Too Much Information: The Private Life of John Q. Public

I SEE LONDON, I SEE FRANCE

Anyone here been strip-searched at the airport yet?  Mark my words, folks:  It's coming soon to a theater near you.   Reminds me of when I was really little and I had a cousin who used to bust in without knocking when I was using the bathroom, setting me up for a lifetime of urinary paranoia.  At the time, I couldn't have imagined a worse invasion of my privacy.  That is, until now.

By now, you've probably heard the news:  In response to the near-miss “underwear bomber” scare back on Christmas Day 2009, the body scanning technology that had heretofore been resisted as too invasive is now being installed in airports across the country.  As a result, people's naked bodies will be scanned for the viewing pleasure of airport personnel, all in an effort to head off terrorist attempts.

Of course, we are assured that these airport images are only accessible to a single employee who has no personal contact with the passenger being scanned.  Of course, we are assured that the images can't be saved, printed or transmitted, and are “instantly deleted”.  Of course, we are assured that security personnel in the United States aren't allowed to have cameras or mobile phones or any other device that would enable them to download or otherwise copy the image (which also supposedly blurs out the individual's face and naughty bits).   Blah blah blah.  Of course!  And I don't believe a word of it.  Because it stands to reason that if terrorists are forever able to come up with new ways to beat the security system, then sooner or later airport personnel making minimum wage will come up with a way to beat the "safeguards" in that system. 
 
One way or another, you can be certain that immaturity will ALWAYS find a way and that sooner or later there will be wholesale distribution of naked body images among airport employees for the purposes of derision or titillation (no pun intended) or profit.  Remember where you heard it when the inevitable loophole rears its ugly head and we're all left scratching our collective heads and wondering what went wrong. 

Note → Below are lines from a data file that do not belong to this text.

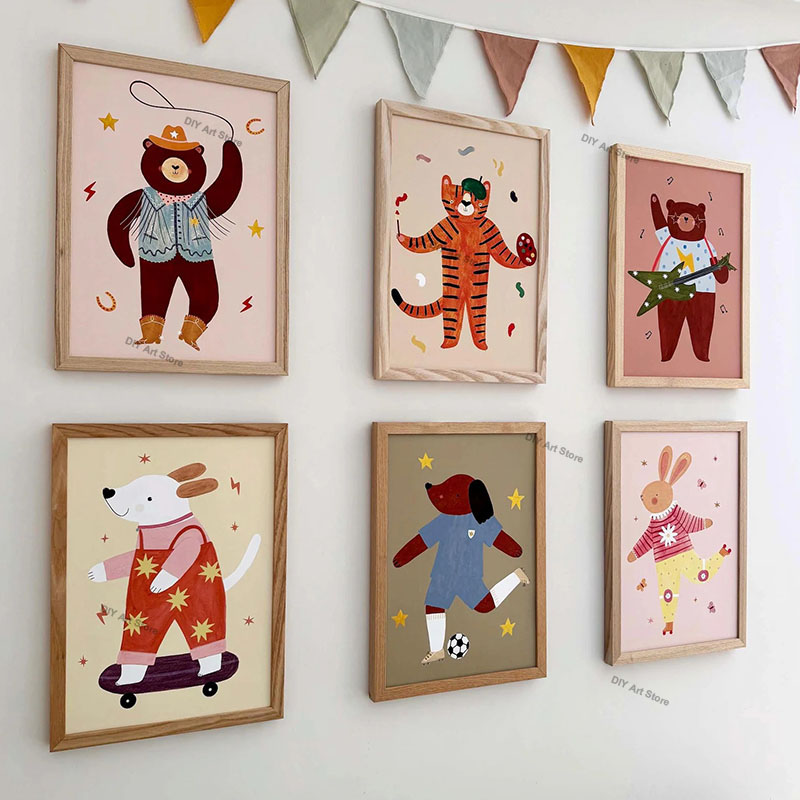 Baby Nursery Animal Pictures - Funny Cartoon Animal Nursery Wall Art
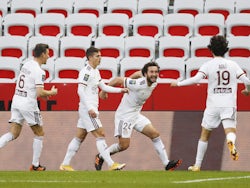 Bordeaux's Paul Baysse celebrates scoring their second goal with teammates on January 17, 2021
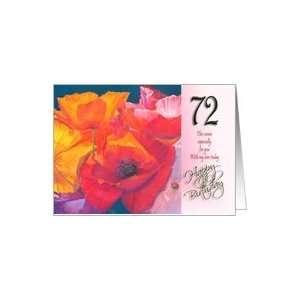  72nd Happy Birthday   Poppies Card: Toys & Games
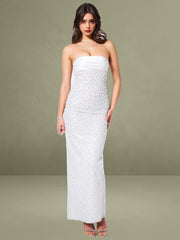 Lainey White Satin Sequin Pearls Beaded Maxi Dress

Now, don't get me wrong:  I'm right there in lockstep with the majority of the flying public in my willingness to compromise my privacy ideals in order to feel a little safer.  But this whole “react-after-the-fact” approach just smacks of too little too late, perhaps appeasing the masses but really just plugging yet another hole in security that will no doubt ultimately be replaced by something else.

And to make matters worse, there is skepticism about whether these scanners even work for their intended purpose.  (Though it's hard to be certain, since no network news reporter worth his or her salt is willingly going to submit to the scan and have their naked images broadcast before the nation just to see if and how the thing works.)

Given all this, it's amazing to me that there has been surprisingly little uproar over this latest assault on the dignity of the flying public.  Just a year or two ago, this drastic step would have been all but unthinkable.  But it now seems that people will agree to just about anything in order to feel safe.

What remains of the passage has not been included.